[[ Provided records open ]]
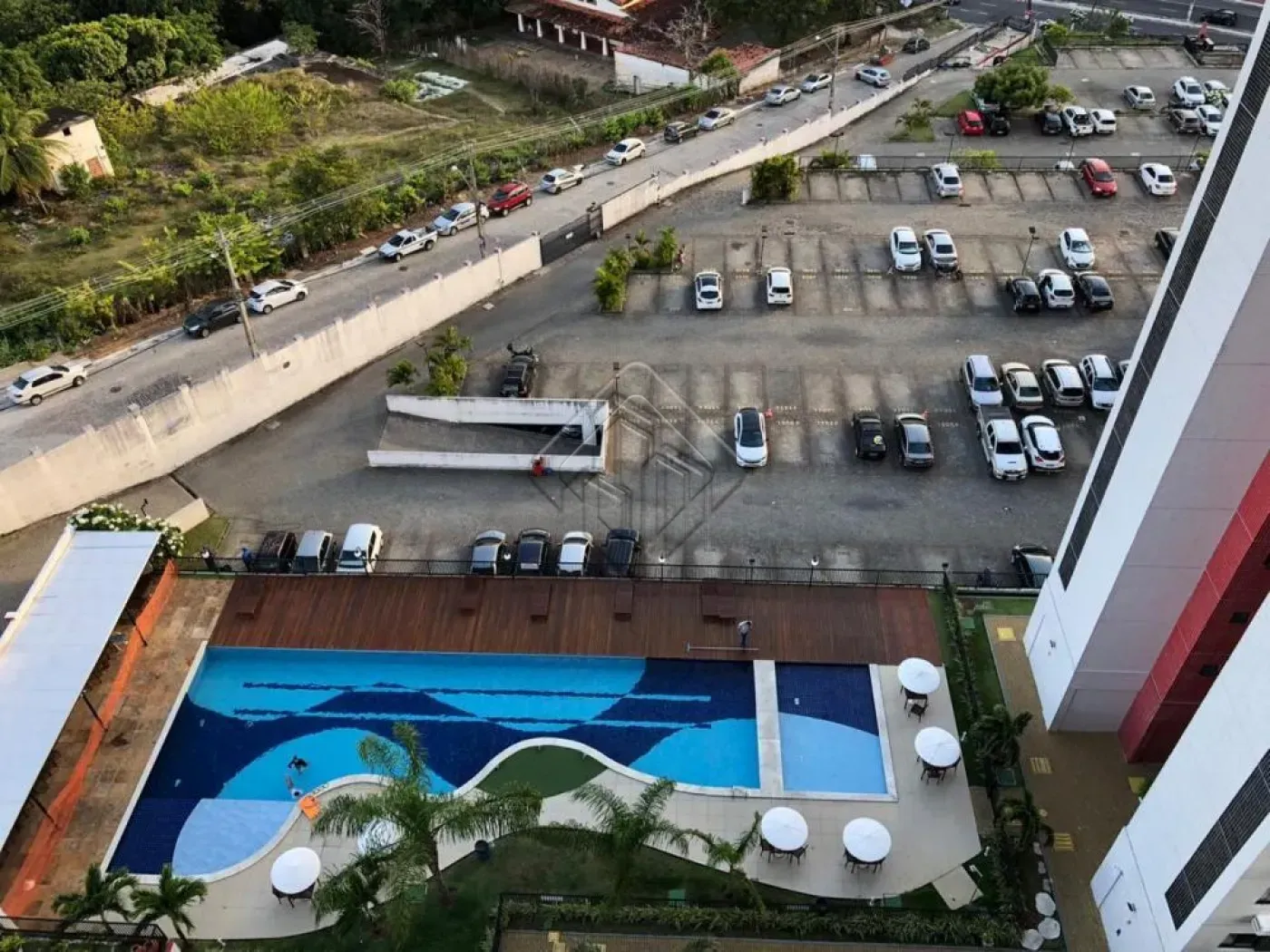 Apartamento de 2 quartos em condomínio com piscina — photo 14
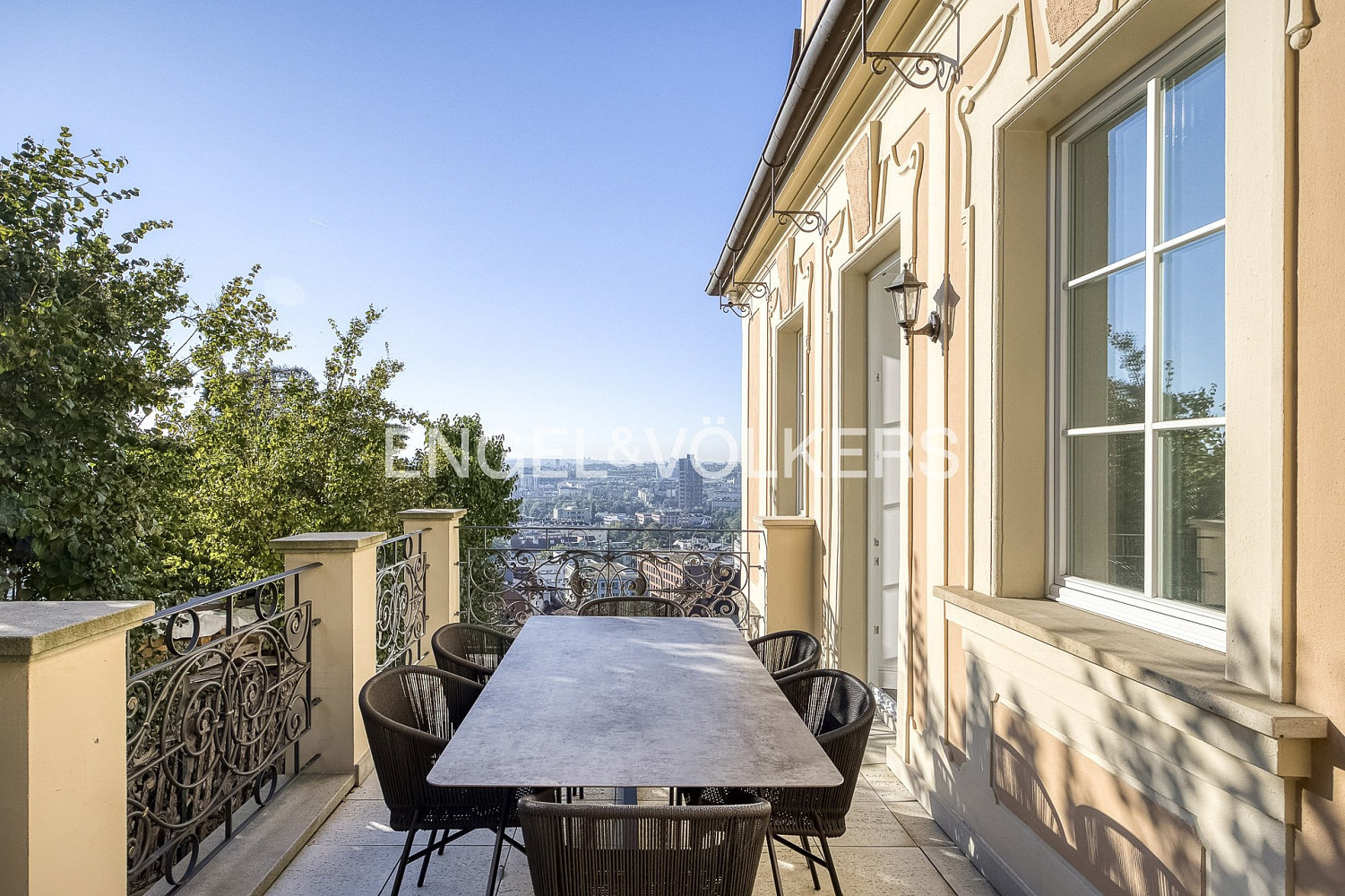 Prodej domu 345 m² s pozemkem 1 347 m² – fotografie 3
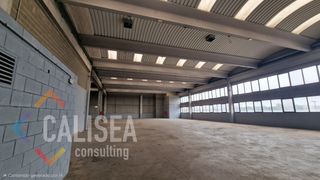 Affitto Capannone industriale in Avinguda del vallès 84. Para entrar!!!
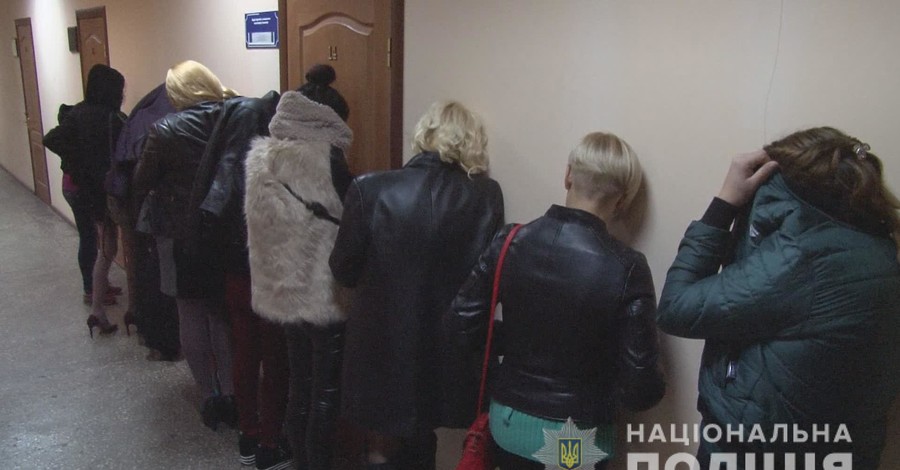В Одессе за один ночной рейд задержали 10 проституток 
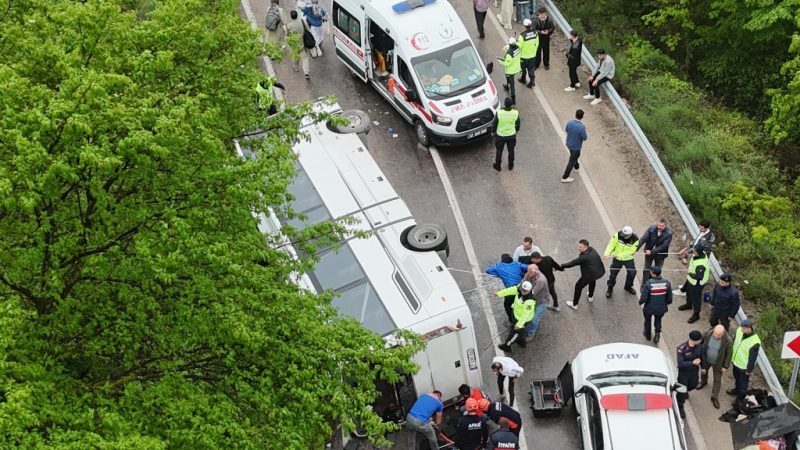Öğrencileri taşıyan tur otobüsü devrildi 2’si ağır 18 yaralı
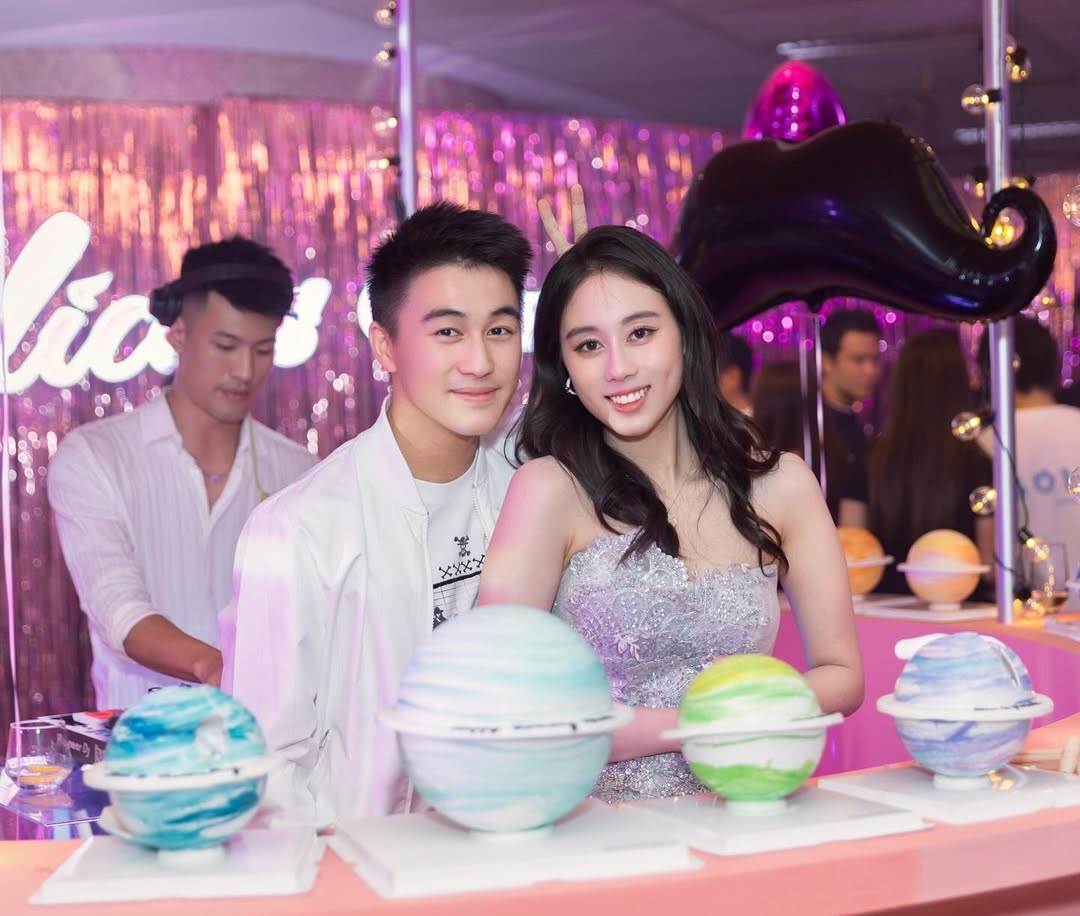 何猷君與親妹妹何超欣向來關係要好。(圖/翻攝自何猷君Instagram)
[[ Provided records closed ]]
[[ Provided records open ]]
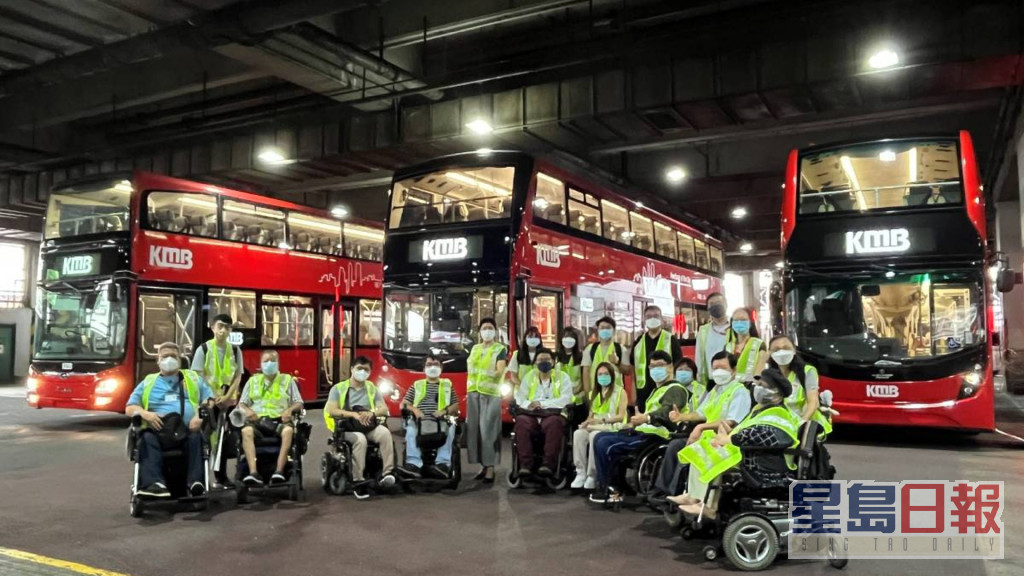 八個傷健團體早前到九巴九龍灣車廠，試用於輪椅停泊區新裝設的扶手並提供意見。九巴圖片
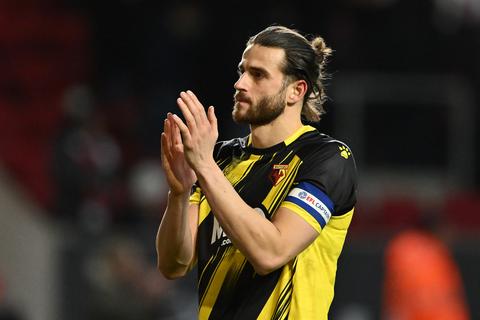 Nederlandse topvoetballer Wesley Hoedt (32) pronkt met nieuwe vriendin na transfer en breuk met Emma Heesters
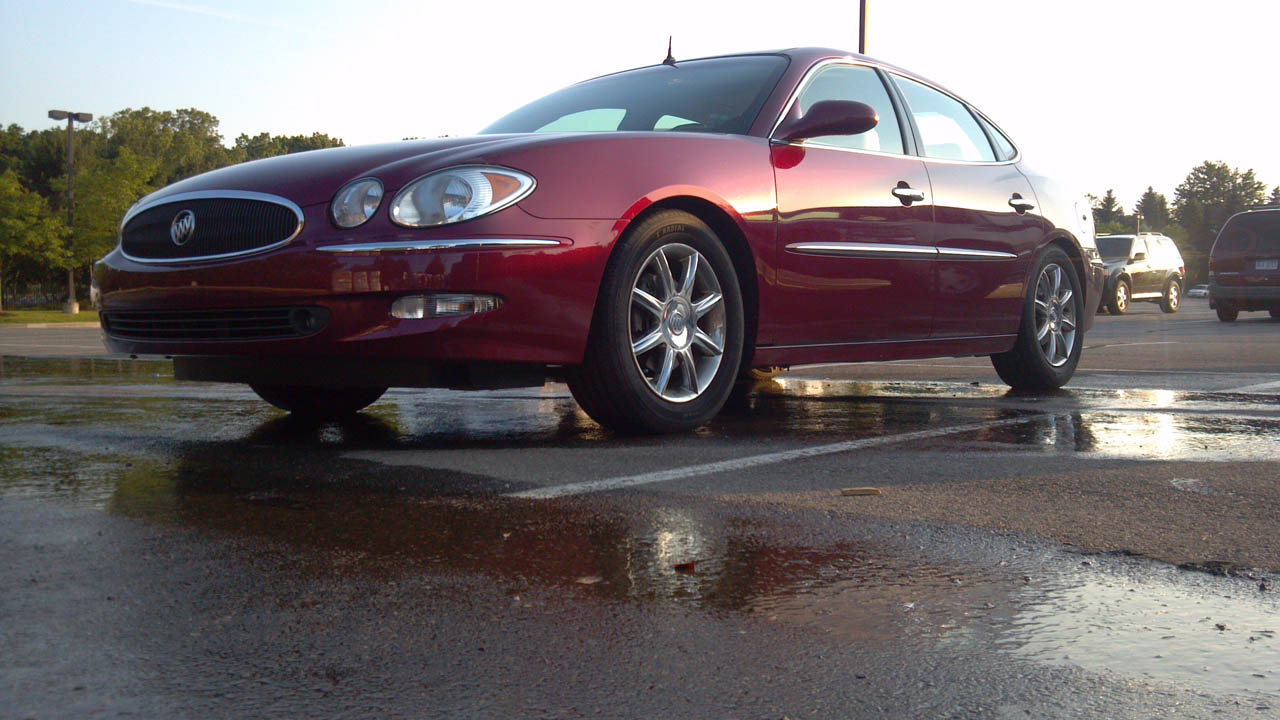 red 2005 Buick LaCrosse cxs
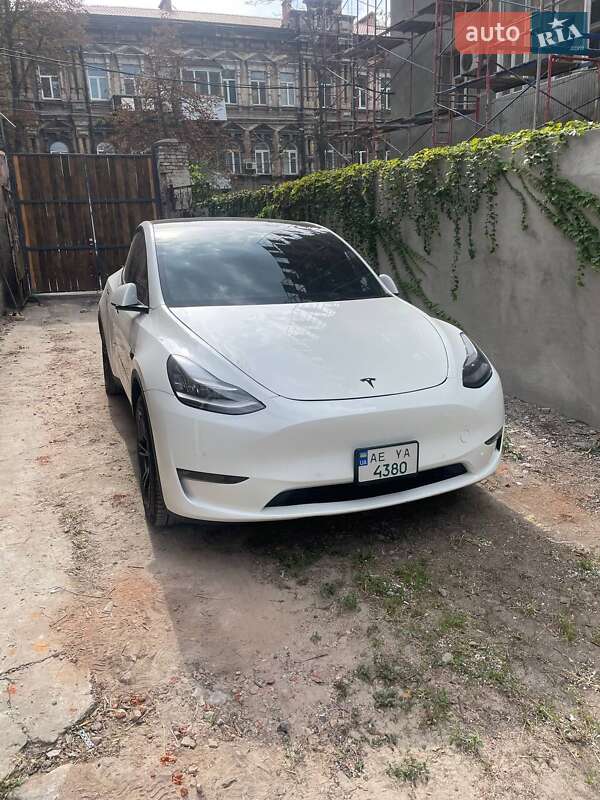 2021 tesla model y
[[ Provided records closed ]]
About this task: Above are some entries; copy exactly the lines from the line with "八個傷健團體早前到九巴九龍灣" through the line with "2021 tesla model y", both included, but none of the pictures.

Answer space:
 八個傷健團體早前到九巴九龍灣車廠，試用於輪椅停泊區新裝設的扶手並提供意見。九巴圖片
 Nederlandse topvoetballer Wesley Hoedt (32) pronkt met nieuwe vriendin na transfer en breuk met Emma Heesters
 red 2005 Buick LaCrosse cxs
 2021 tesla model y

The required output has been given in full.